INFORMATION PROVIDED:

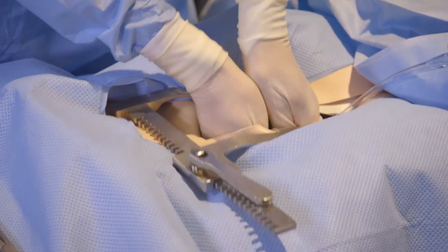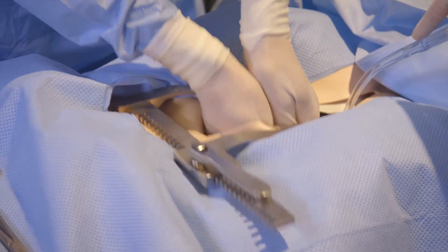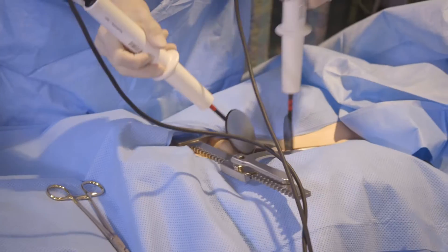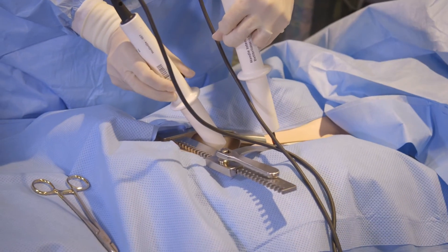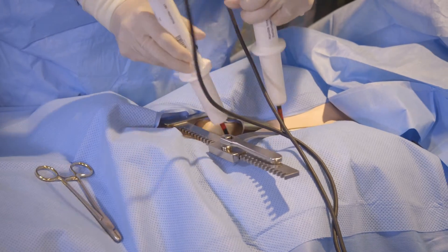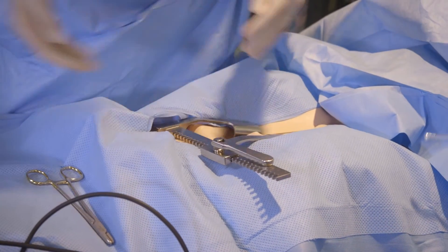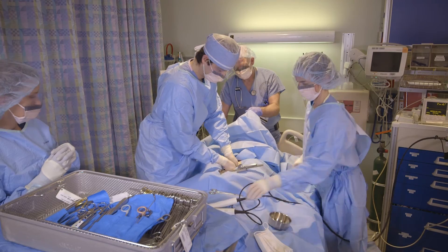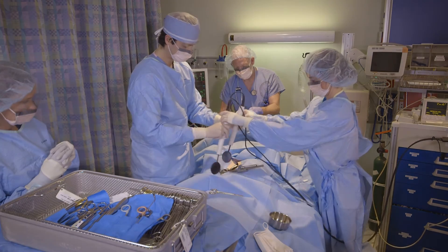The surgeon will then do cardiac massage for one minute. If the patient remains in VT or VF, we will use the internal defibrillation paddles, shocking at 20 joules. If there is no response, continue internal cardiac massage and prepare for another shock. Charging on 20.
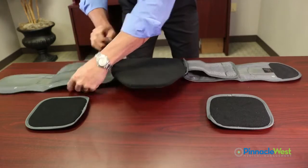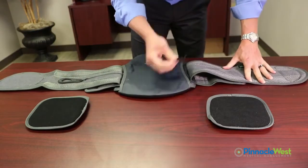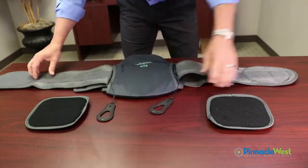Now, as you're sizing the brace, you're also going to want to make sure that these are left loose, and I'll show you how to size those later.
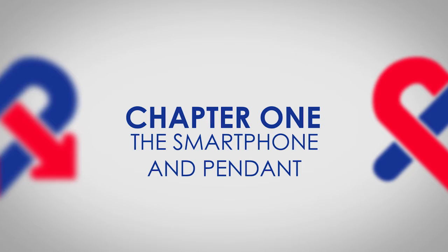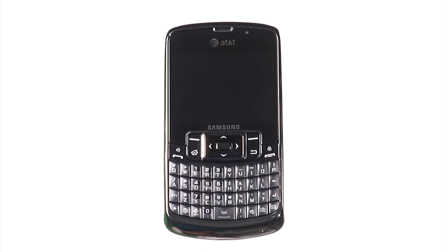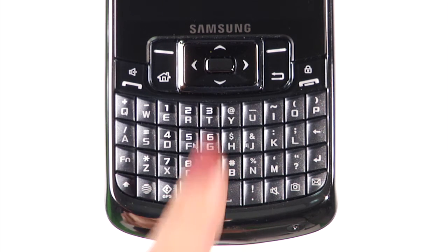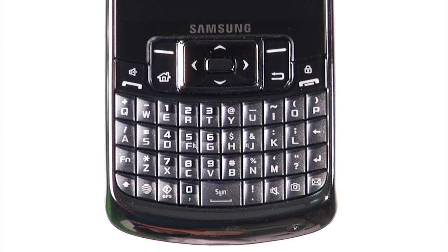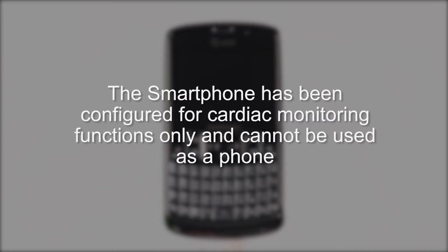Chapter 1: The Smartphone and Pendant. Let's first become familiar with the MEDICOMP Smartphone. There are a few buttons you will use throughout your procedure: the ON-OFF button, left soft key, right soft key, select key, directional arrows, and back key. You'll also be using the charging port. The smartphone has been configured for the cardiac monitoring functions only and cannot be used as a phone.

INSTRUCTIONS FOR THE TASK: The answer must be the exact lines from the line with "Now, as you're" to the final line of the data, both ends included, with no pictures.

TASK SOLUTION:
Now, as you're sizing the brace, you're also going to want to make sure that these are left loose, and I'll show you how to size those later.
Chapter 1: The Smartphone and Pendant. Let's first become familiar with the MEDICOMP Smartphone. There are a few buttons you will use throughout your procedure: the ON-OFF button, left soft key, right soft key, select key, directional arrows, and back key. You'll also be using the charging port. The smartphone has been configured for the cardiac monitoring functions only and cannot be used as a phone.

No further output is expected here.